Годвин постарался собраться с мыслями. Со страхом и отвращением он воззрился на этого мужчину, который явно был вожаком шайки. Тот держался с высокомерной уверенностью знатного человека и когда-то был красив мужскою красотой, но после многих лет разбойничьей жизни его облик погрубел.
– А ты кто такой, чтобы ломиться в церковь и колотить в дверь, когда монахи поют псалмы Богу? – процедил приор.
– Кое-кто называет меня Тэмом Пронырой.
Из скопления монахов долетел дружный вздох. О Проныре слышали все.
– Они нас убьют! – возопил брат Жонкиль.
Савл повернулся к нему:
– Тихо! Мы умрем, когда того пожелает Господь, но не прежде.
– Да, отец.
Белая Голова вернулся к окну:
– В прошлом году вы украли у нас цыплят.
– Простите, отец, – ответил Тэм. – Мы голодали.
– А теперь просите у меня помощи?
– Сами учите, что Бог велел прощать.
Годвин потребовал от Савла:
– Дай мне все уладить!
На лице Белой Головы явственно читалась внутренняя борьба, он то стыдливо опускал взгляд, то опять вскидывал подбородок. Но в итоге Савл покорно кивнул.
Приор крикнул:
– Бог прощает тем, кто искренне раскаивается!
– Этого человека зовут Уин-лесник, он искренне раскаивается во всех своих грехах и хотел бы в церкви помолиться о выздоровлении, а коли ему не суждено исцелиться, то умереть в мире.
Один из разбойников чихнул.
Савл отошел от окна и встал, подбоченившись напротив Годвина.
– Мы не можем их прогнать!
Приор постарался говорить рассудительно.
– Слышал, как там чихнули? Неужто не понимаешь, что это значит? – Он повернулся к монахам и возвысил голос, чтобы услышали все: – Они больны! У них чума!
Братья испуганно забормотали. Отлично. Годвин и хотел их напугать. Если Белая Голова будет спорить и дальше, не исключено, что местные монахи поддержат приора.
Савл возразил:
– Мы обязаны помочь, даже если у них чума. Наша жизнь принадлежит не нам, чтобы оберегать ее, как спрятанное под землей золото. Мы предались Господу, готовые исполнять его святую волю, и он окончит наши дни, когда ему будет угодно.
– Повторяю, впустить разбойников значит совершить самоубийство. Они всех нас погубят!
– Мы люди Божьи. В смерти мы обретаем счастье воссоединения с Христом. Чего же нам бояться, отец-настоятель?
Годвин осознал, что он со стороны выглядит трусом, зато Савл предстает здравомыслящим. Он заставил себя говорить спокойно, размеренно:
– Искать смерти – грех.
– Если смерть приходит, когда мы выполняем свой долг, мы с радостью ее принимаем.
«Так можно проспорить целый день, – подумал Годвин. – Не лучший способ утвердить в обители свою власть».

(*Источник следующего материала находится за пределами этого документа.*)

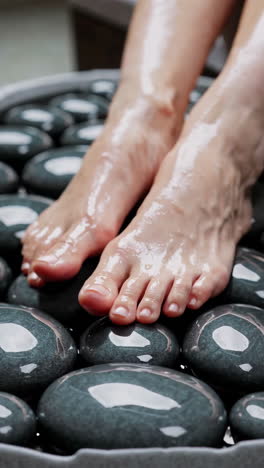 woman's feet on hot stones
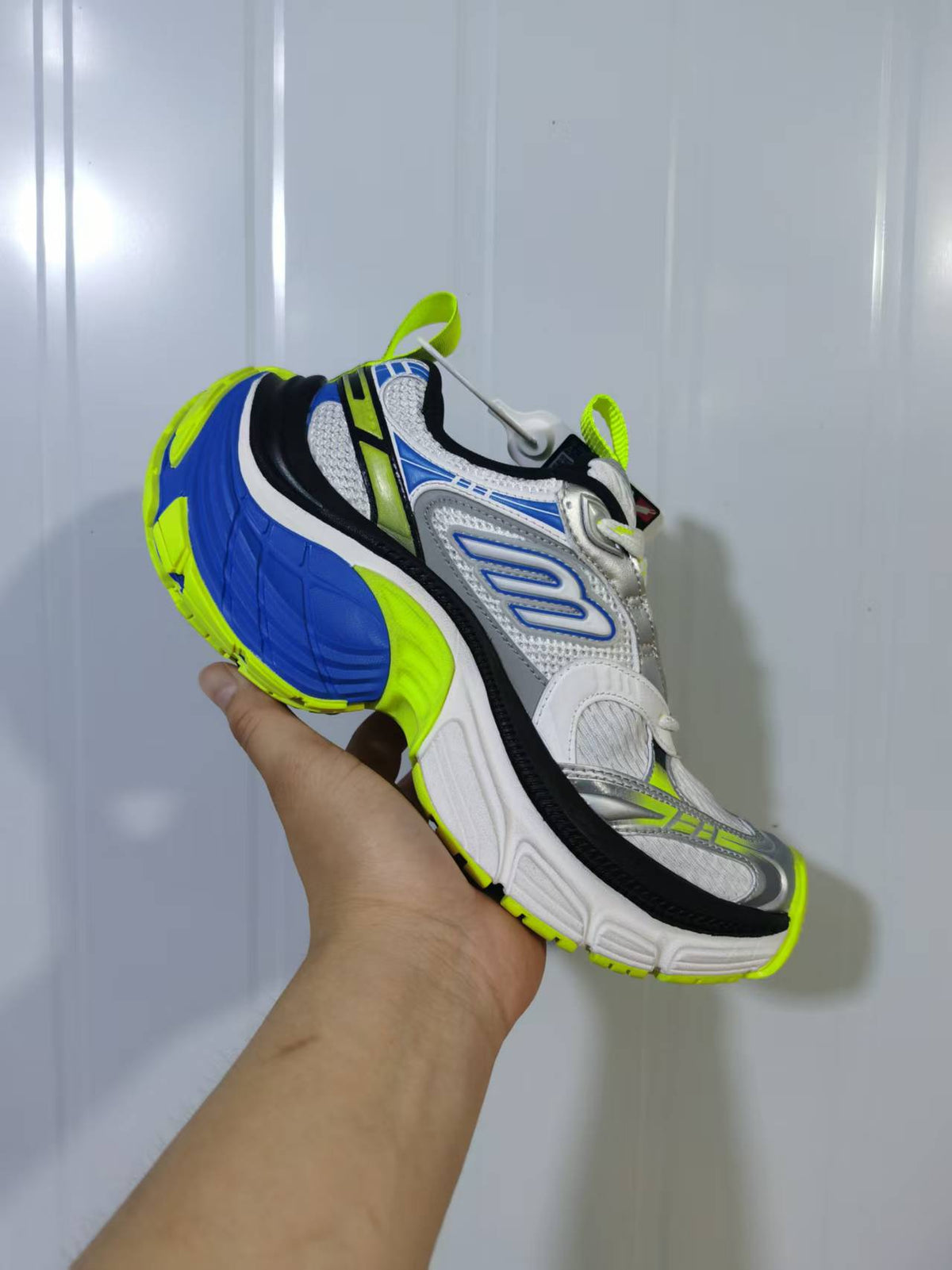 Rear three-quarter view highlighting the blue heel and neon green outsole.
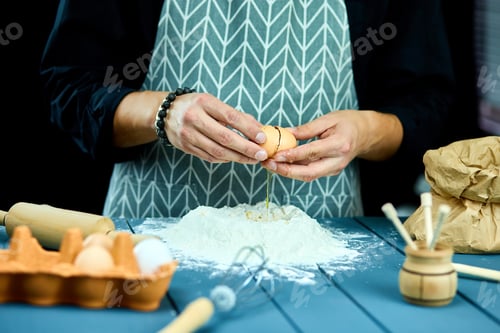 Preview: Breaking Eggs In The Flour. Close Up Of Male Hands Breaking Raw Egg Over Flour. Baker Kneading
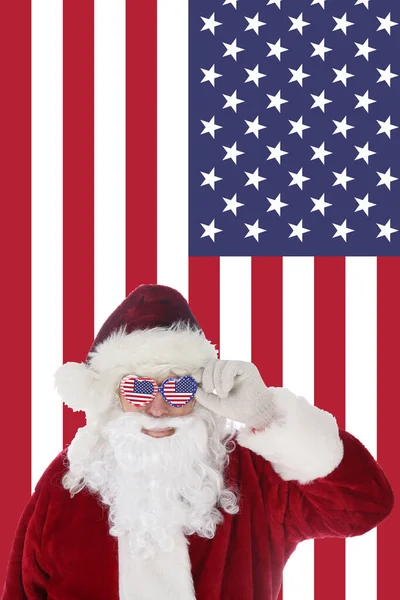 Der Weihnachtsmann Lächelt Als Seine Sonnenbrille Mit Amerikanischem Flaggenhintergrund Aufsetzt — Stockfoto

Он задернул полотняную ставню.
– Закрой окно, брат Савл, и подойди ко мне. – Годвин выжидательно посмотрел на Белую Голову. Тот помедлил, но послушался. – Каковы три монашеских обета? Скажи, брат.
Савл молчал. Он догадывался, что затевает Годвин. Приор отказывался признавать в нем равного. Поначалу казалось, что Савл возмутится, но затем чувство долга взяло свое, и он перечислил:
– Нестяжания, целомудрия и послушания.
– Кому ты должен повиноваться?
– Богу, Правилам святого Бенедикта и своему приору.
– Твой приор сейчас стоит перед тобою. Ты признаешь это?
– Да.
– Надо отвечать: «Да, отец-настоятель».
– Да, отец-настоятель.
– Теперь я скажу, что делать, и ты обязан покориться. – Годвин осмотрелся. – Всем вернуться на свои места!